PDA was performed on datasets binned at 0.25, 0.5, 0.75, and 1 ms. To assess robustness of the fit, the PDA fit was repeated by systematically varying the initial value of the rate constants to 1, 0.5, and 0.75 ms⁻¹ (min 0, max 10) while keeping the other settings identical. The results in the tables above represent the average of the three independent determinations.

The most notable difference between the two redox states identified by PDA concerns the distribution of the three ensembles at equilibrium. In the presence of DTT, C was minimally populated (∼9%), whereas O₁ and O₂ accounted for ∼40% and ∼51%, respectively. By contrast, oxidized PDI spent a similar amount of time in C and O₁ but preferred O₂. The fact that O₂ dominates agrees with our previous analysis (Fig. 2C) and suggests that O₂ is the preferred state adopted by unbound PDI in solution, regardless of the redox state. Other differences between the two redox states concerned the magnitude of the rate constants. We found that the rate at which O₂ converts to C (k_2,3) was approximately eight times faster for oxidized PDI than for reduced PDI. In contrast, the rate at which C converts to O₁ (k_3,1) was approximately nine times slower in oxidized PDI compared to reduced PDI. Faster O₂→C conversion and slower C→O₁ conversion explain why more C is present in oxidized PDI than in reduced PDI. We also found that the transition O₁⟷O₂ was the fastest of the catalytic cycle and significantly faster (approximately sixfold) than diffusion, especially for reduced PDI. This latter observation is important for two reasons. First, it explains why O₁ and O₂ cannot be individually visualized in the plots of FRET efficiency versus lifetime but instead merge to form a broad ensemble. Second, it predicts that when PDI dwells in O₁ or O₂, transition to C is energetically more expensive, especially when PDI is reduced. From a structural standpoint, this indicates that O₁ and O₂ may be alike yet significantly different from C.

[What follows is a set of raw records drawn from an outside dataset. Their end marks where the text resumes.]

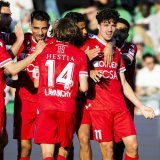 Joie des joueurs valaisans après le but du 1:1 marque par Théo Bouchlarhem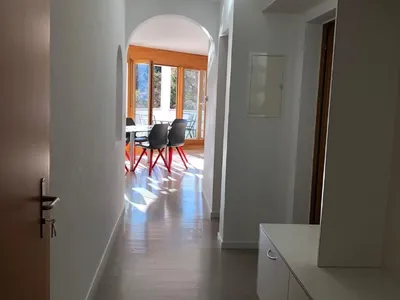 Gang ins Wohnzimmer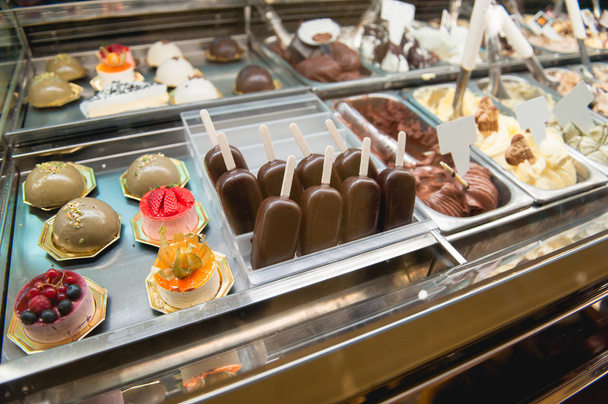Variedad de productos dulces en la cafetería
 - Foto, imagen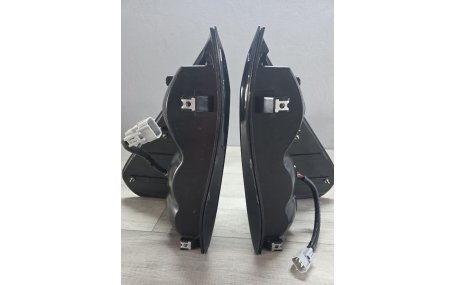 Фонари задние Toyota Hilux 2015-2020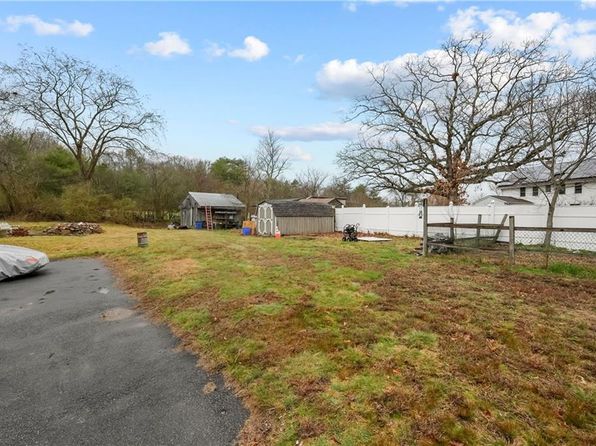 10A Butter Ln, Charlestown, RI 02813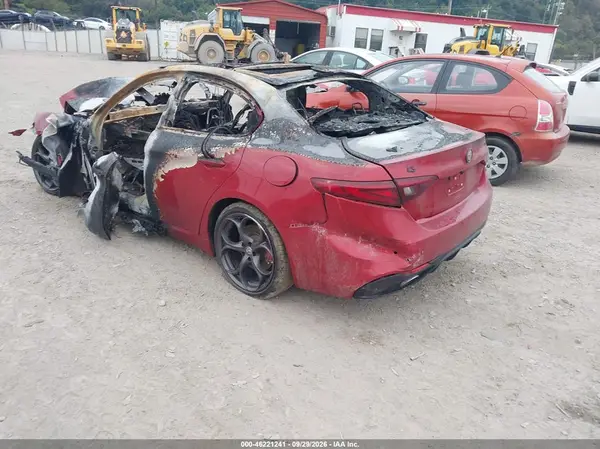 ZARFAEEN9H7553246 — 2017 Alfa Romeo Giulia, фото 3 с аукциона IAAI, Полный пожар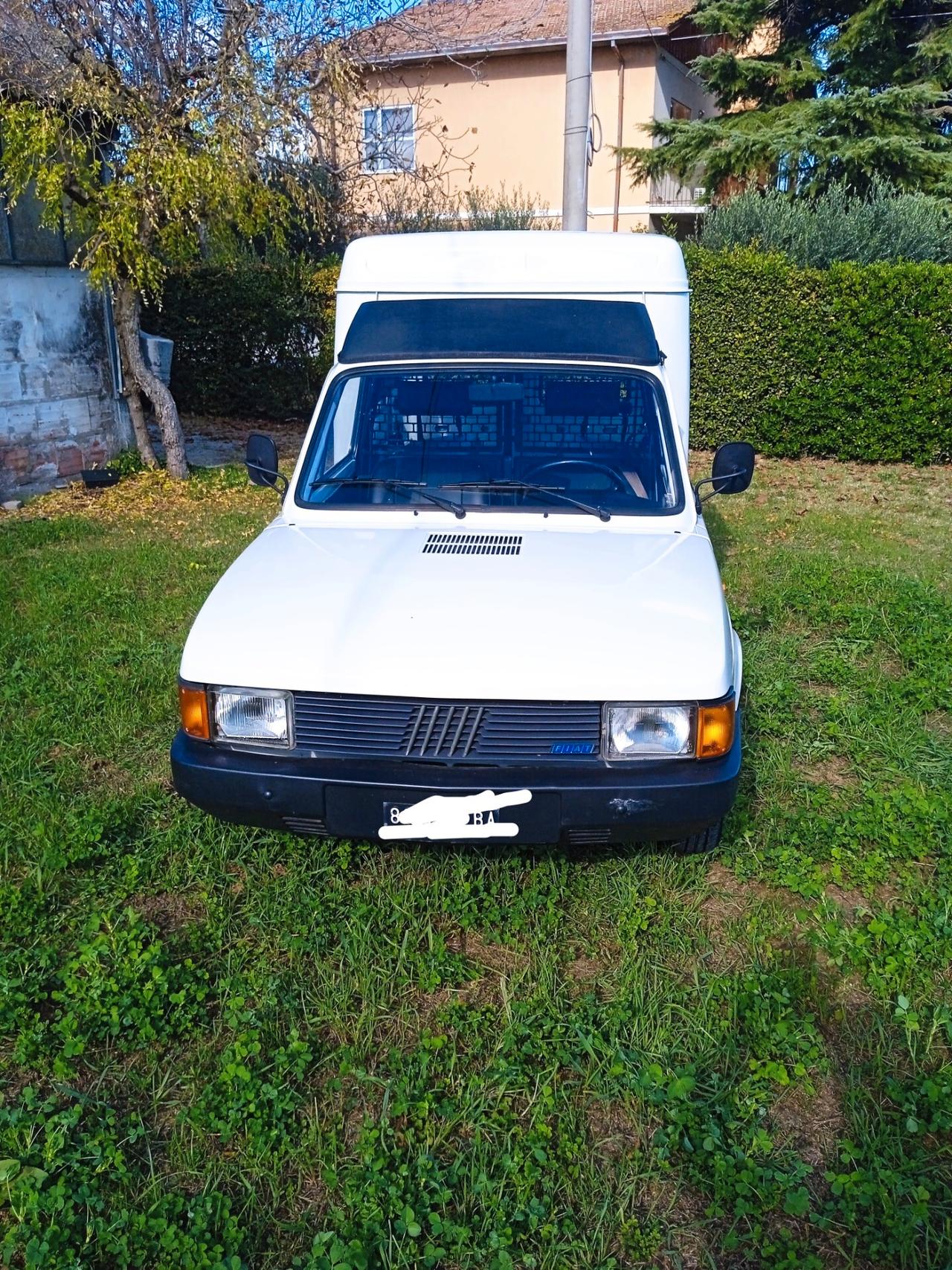 Fiat 127 1050 fiorino autovettura 6 posti ASI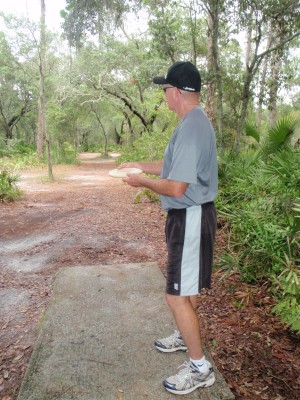 USF Riverfront Park, Main course, Hole 16 Tee pad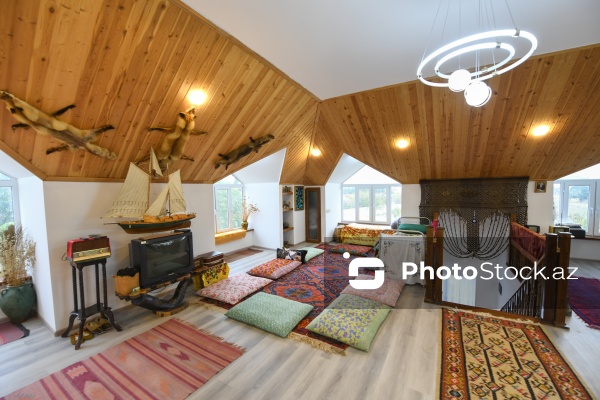 Nadir əşyalarla zəngin 35 illik şəxsi kolleksiya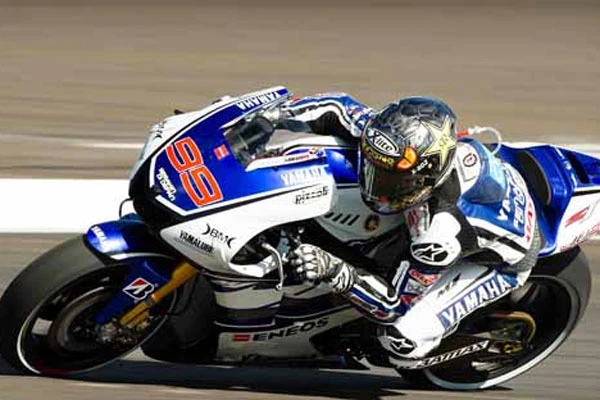 Marquez liderliği Jorge Lorenzo'ya kaptırdı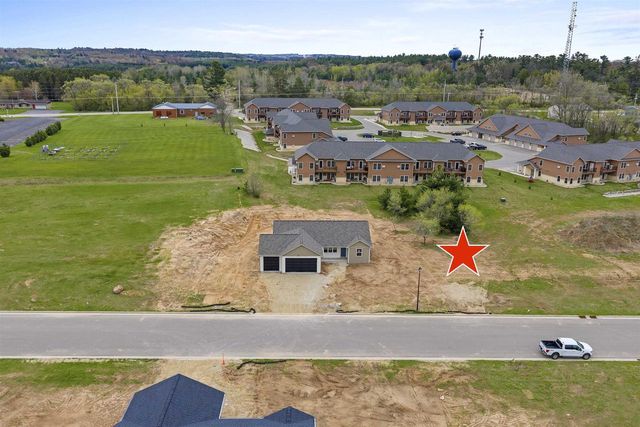 1904 SOUTHLAND LANE, New London, WI 54961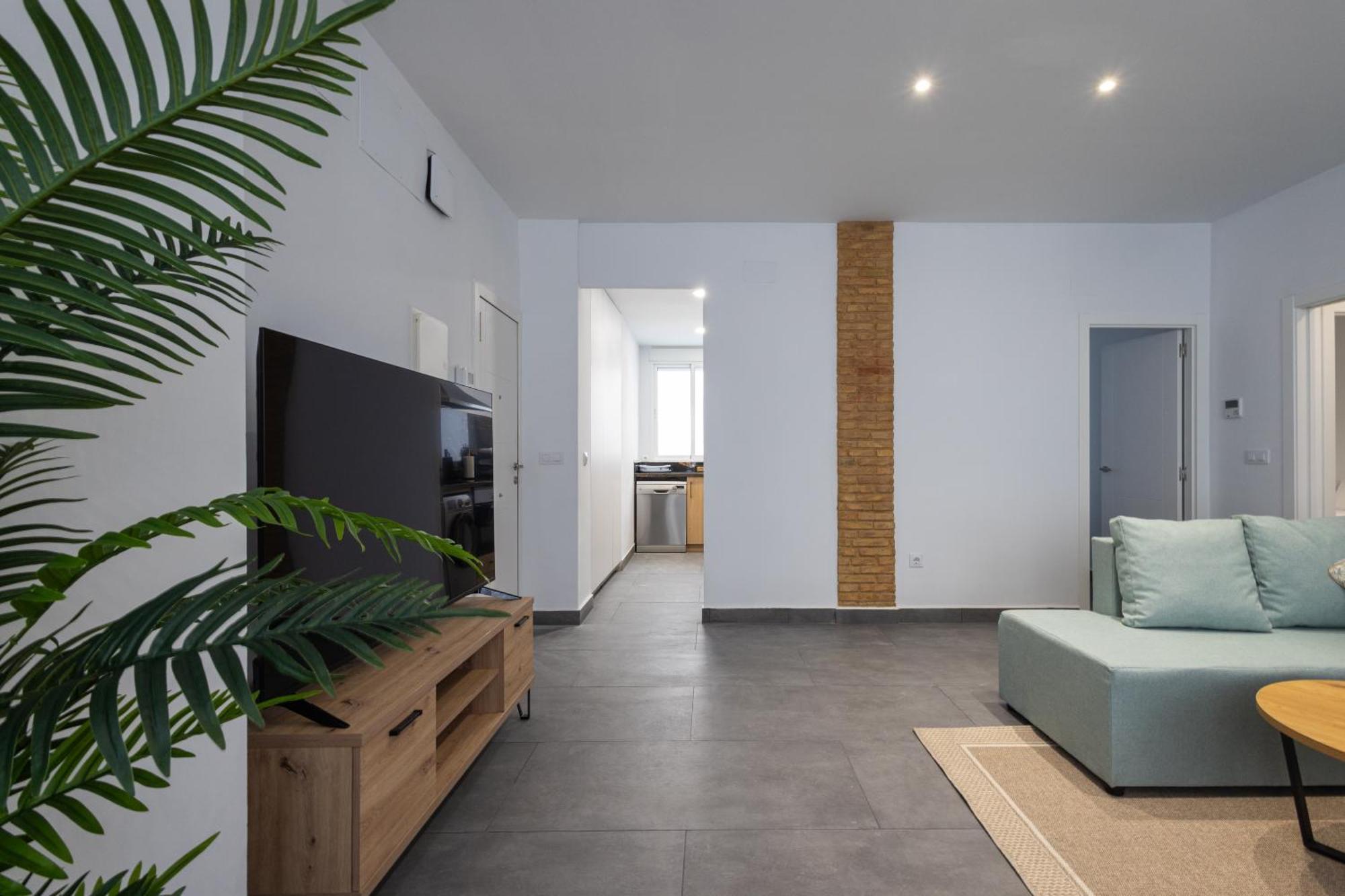Florit Flats - The Patraix Apartment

To further confirm that O₁ and O₂ exchange rapidly, we performed species-selected filtered fluorescence correlation spectroscopy (fFCS). In this method, as described by Felekyan et al. (26), autocorrelation and crosscorrelation functions are calculated for two species of interest to determine the presence of dynamic exchange between them and the interconversion rates. fFCS analysis was performed between O₁ (0.17 < E < 0.25) and O₂ (0.65 < E < 0.75) in oxidized and reduced states. The results are shown in Figure 2, F and G. The presence of a bell-shaped crosscorrelation function between O₁ and O₂ documents rapid exchange occurring on a time scale comparable to or faster than the diffusion time. Global fitting of the four correlation curves (two sACFs and two sCCFs) required, in addition to the diffusion term (τ_D), an additional relaxation term, τ_R, providing conclusive evidence of fast dynamics. After fixing the diffusion term to 469 μs, the values of τ_R calculated for oxidized and reduced 88/467 were 119 ± 12 μs and 80 ± 9 μs, respectively. These values are in reasonable agreement with the rate constants measured by PDA for the O₁⟷O₂ exchange (τ_R=(k_1,2 +k_2,1)⁻¹), which are 145 μs for oxidized PDI and 67 μs for reduced PDI, respectively. Thus, fFCS successfully visualized rapid exchange between O₁ and O₂ and confirmed that one of the main differences between oxidized and reduced PDI is the ability of O₁ and O₂ to exchange faster in reduced PDI but slower in oxidized PDI.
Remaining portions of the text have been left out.